I'm a Russian living in the west, bilingual, and have a husband who doesn't speak it. Something people don't really talk about much is the difficulty of belonging to one culture and living in another. Your future wife doesn't just want you to learn works and recite them - she wants to be able to both speak to your future children, she wants to share her heritage and culture (which is extremely different to the US), she wants you to understand jokes from that culture and why she finds them funny, she wants you to know untranslatable words like toska and what they really mean. In short, this is about way more than a language to her.

My husband knows about 20 words in Russian. He plans to learn, but the difference is that he's really interested in Russian history and culture - he asks my parents about it, reads about it sometimes and tells me what he's found, and has his own favourite Russian dishes. The language isn't that big a deal for me, but it might be when we're closer to having kids.

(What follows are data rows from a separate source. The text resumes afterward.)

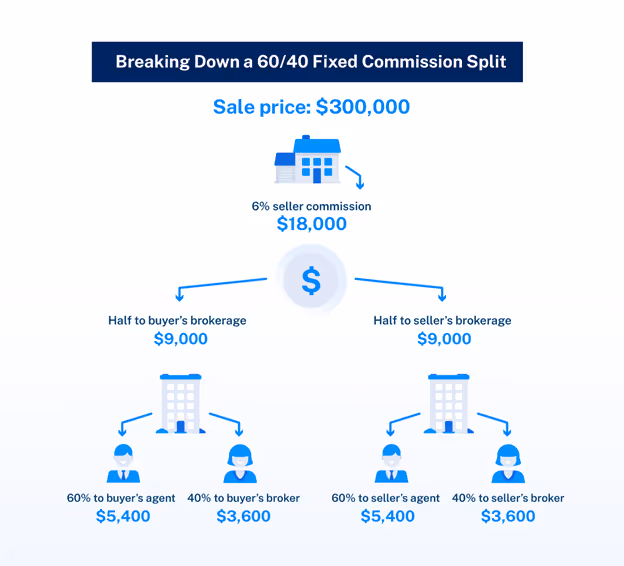 Breaking down a 60/40 fixed commissions split graphic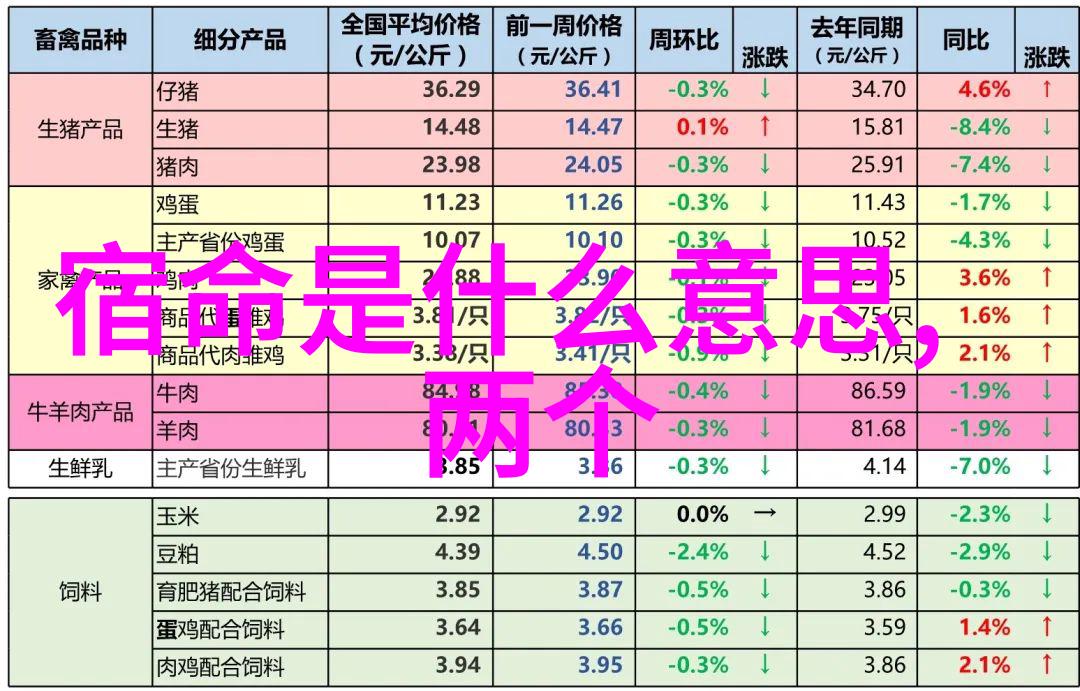 生活小技巧你想让女生喜欢你吗这些名字听起来真不错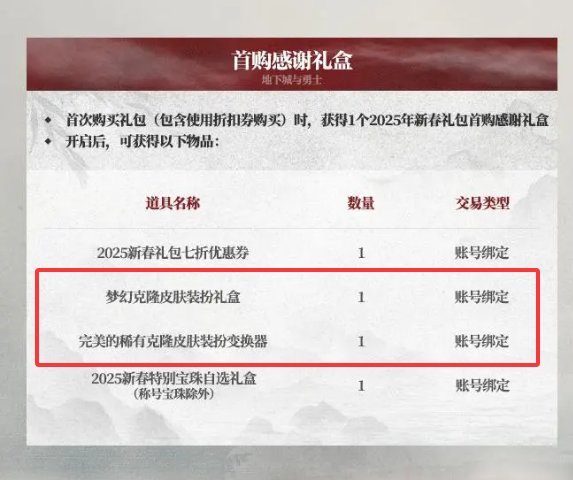 白狐狸真的很喜欢在小角落克扣玩家福利1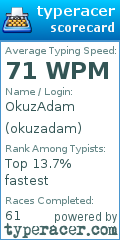 Scorecard for user okuzadam
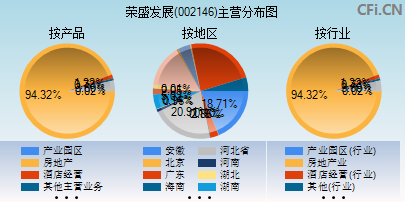 002146主营分布图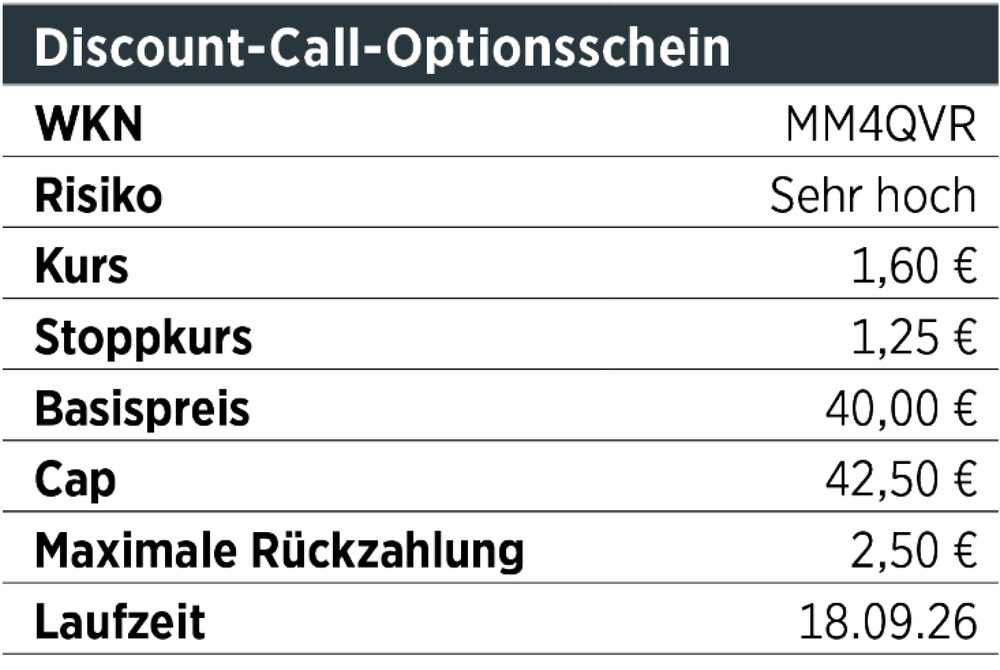 Infobox Optionsschein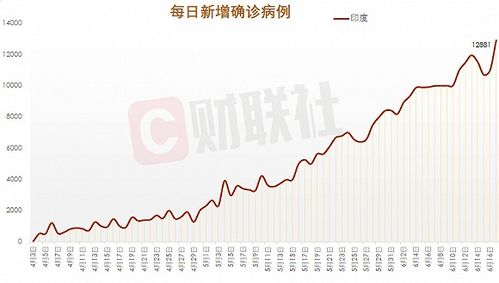 印现单日最大增幅,印度新增确诊逾41万例，单日增幅创疫情以来最高，会不会影响到中国?-第1张图片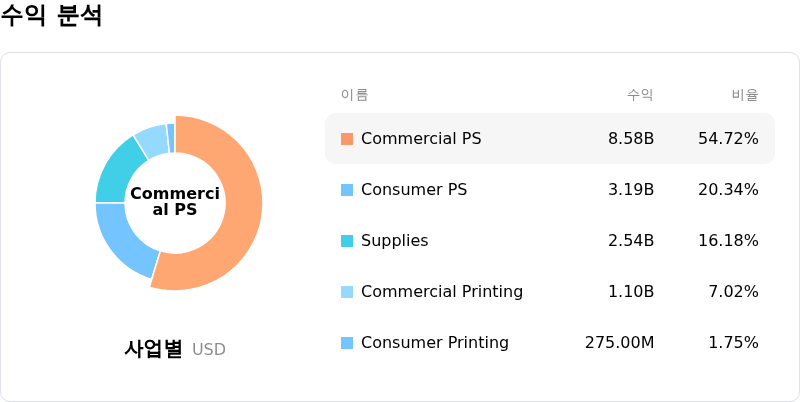 HP Inc수익 분석
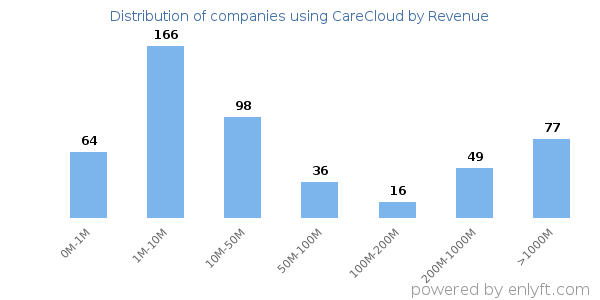 CareCloud clients - distribution by company revenue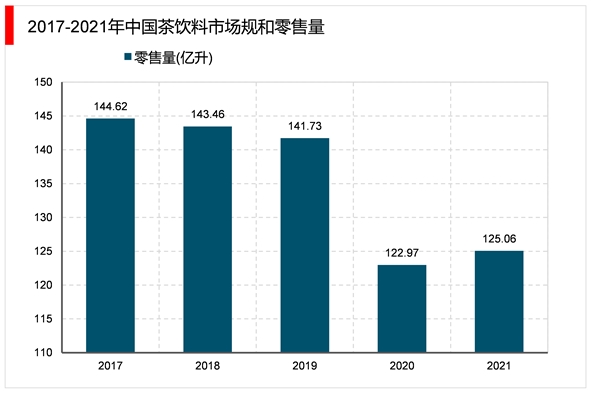 2023茶饮料行业市场发展趋势分析：茶饮料市场份额占比逐渐提高无糖纯茶将是行业发展主动力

As for you... I see no reason at all why you need to do 30 mins every single day and you can easily do an hour or so a week and make slightly slower progress. But from your answers here it sounds a lot like you simply don't want to do that at all. I guess another compromise is going to Russian cookery lessons so you can make some pelmeni for her every so often, or maybe learning more about Russian culture without the language. If you don't want to even do that, you're really rejecting a huge aspect of who she is.

I also have to ask, do her parents speak English? Does your refusal to learn mean you'll never communicate properly with her family?